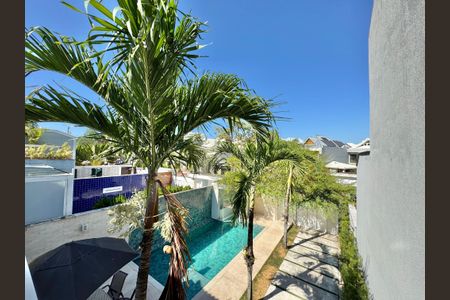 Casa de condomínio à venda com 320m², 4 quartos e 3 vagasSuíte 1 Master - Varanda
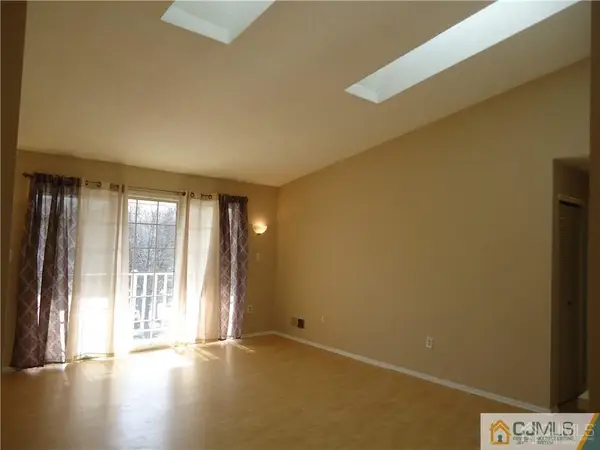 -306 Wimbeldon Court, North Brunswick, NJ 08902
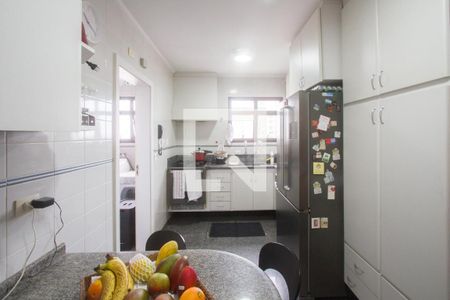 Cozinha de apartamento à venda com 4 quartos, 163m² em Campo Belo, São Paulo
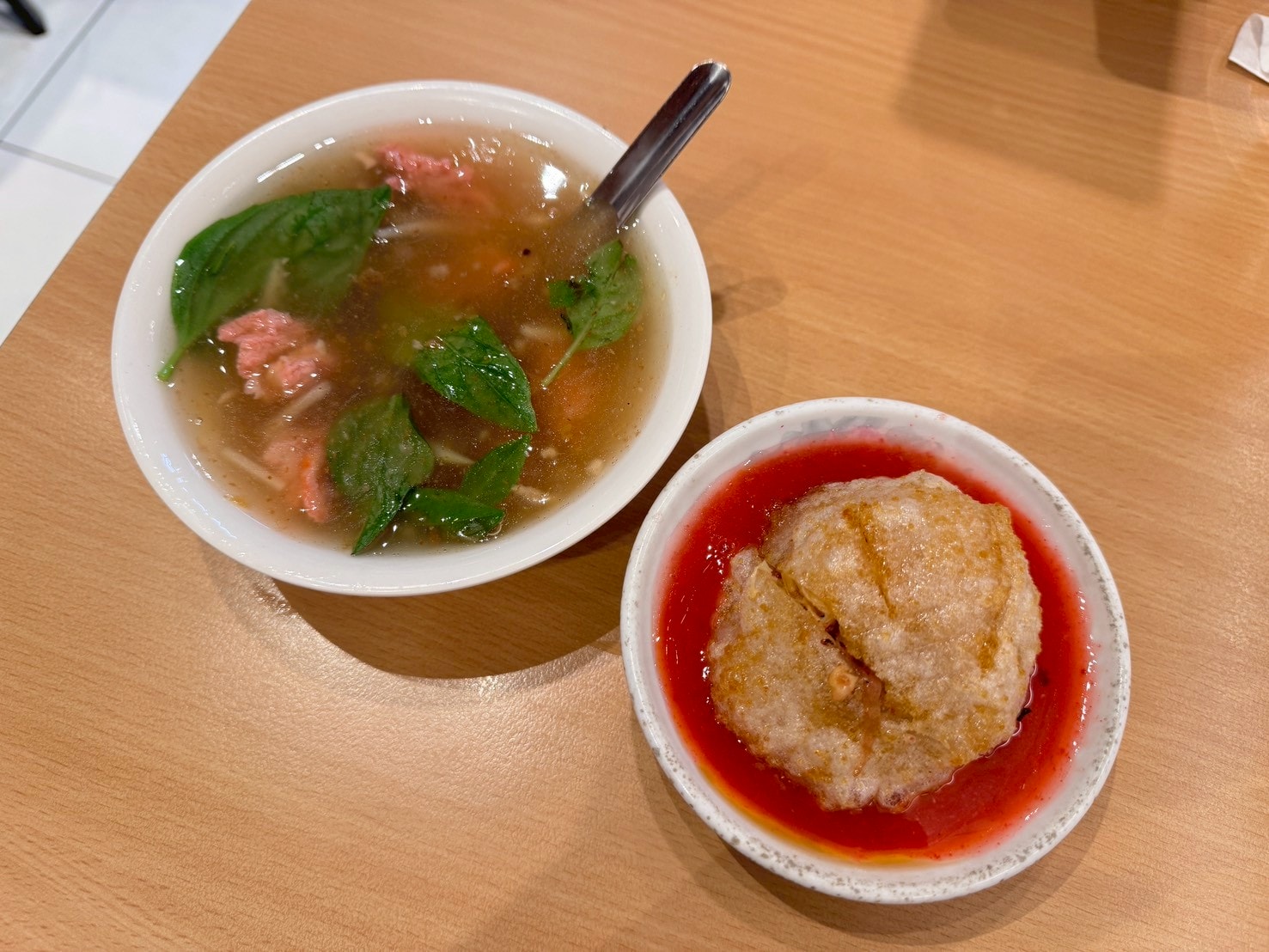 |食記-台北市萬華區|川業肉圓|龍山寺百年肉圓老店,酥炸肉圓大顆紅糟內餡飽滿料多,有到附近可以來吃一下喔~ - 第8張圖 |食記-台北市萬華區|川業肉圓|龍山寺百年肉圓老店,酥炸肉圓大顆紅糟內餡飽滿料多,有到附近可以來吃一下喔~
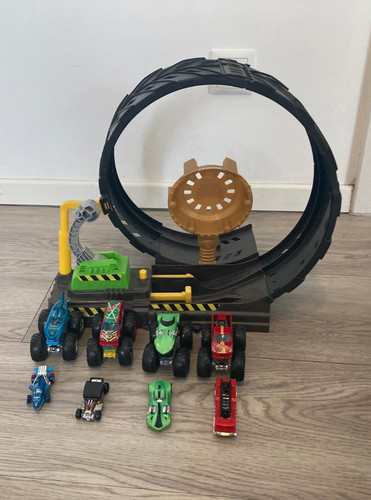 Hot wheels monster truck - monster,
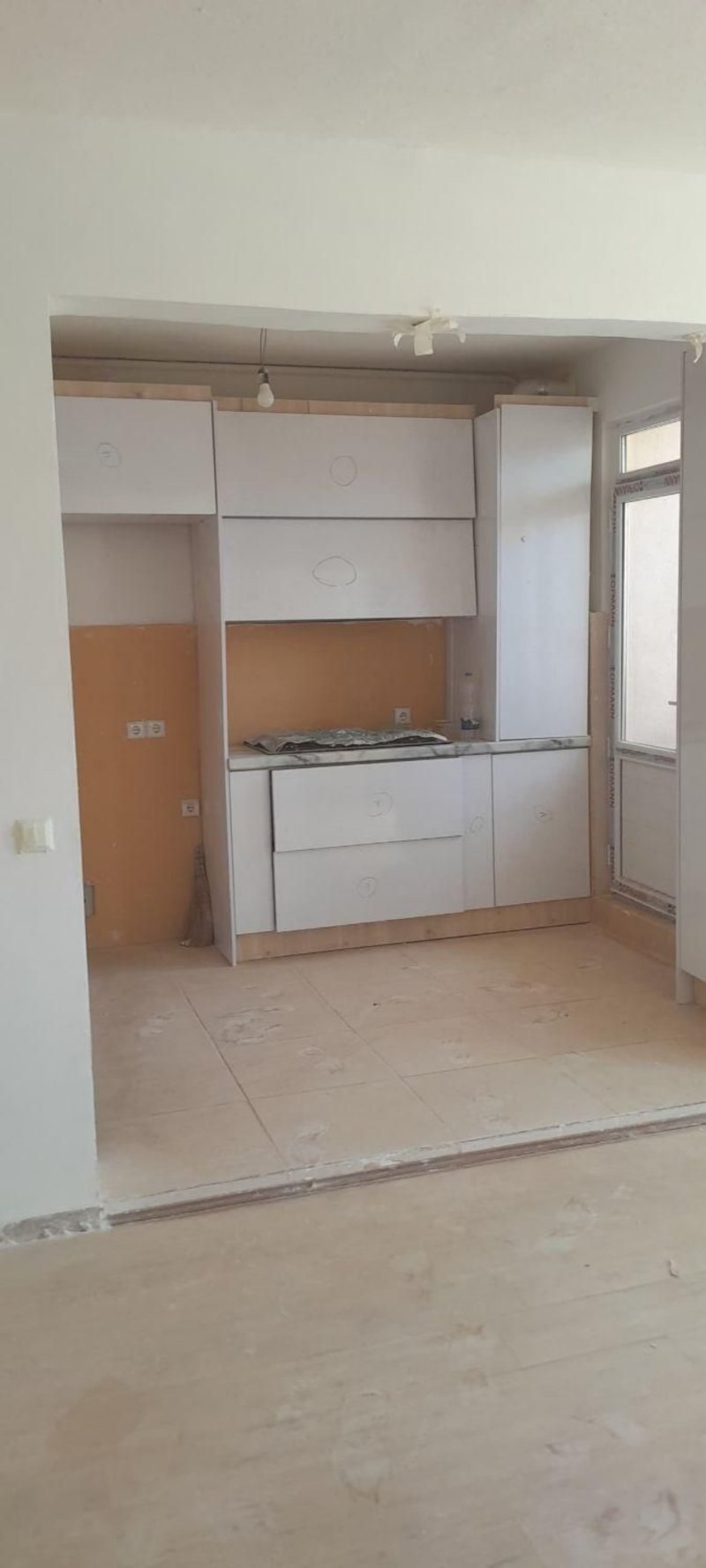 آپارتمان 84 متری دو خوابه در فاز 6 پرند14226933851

····················

What needs to be done:
The entries above are to be repeated in full, except for their pictures.

Problem solution:
 Casa de condomínio à venda com 320m², 4 quartos e 3 vagasSuíte 1 Master - Varanda
 -306 Wimbeldon Court, North Brunswick, NJ 08902
 Cozinha de apartamento à venda com 4 quartos, 163m² em Campo Belo, São Paulo
 |食記-台北市萬華區|川業肉圓|龍山寺百年肉圓老店,酥炸肉圓大顆紅糟內餡飽滿料多,有到附近可以來吃一下喔~ - 第8張圖 |食記-台北市萬華區|川業肉圓|龍山寺百年肉圓老店,酥炸肉圓大顆紅糟內餡飽滿料多,有到附近可以來吃一下喔~
 Hot wheels monster truck - monster,
 آپارتمان 84 متری دو خوابه در فاز 6 پرند14226933851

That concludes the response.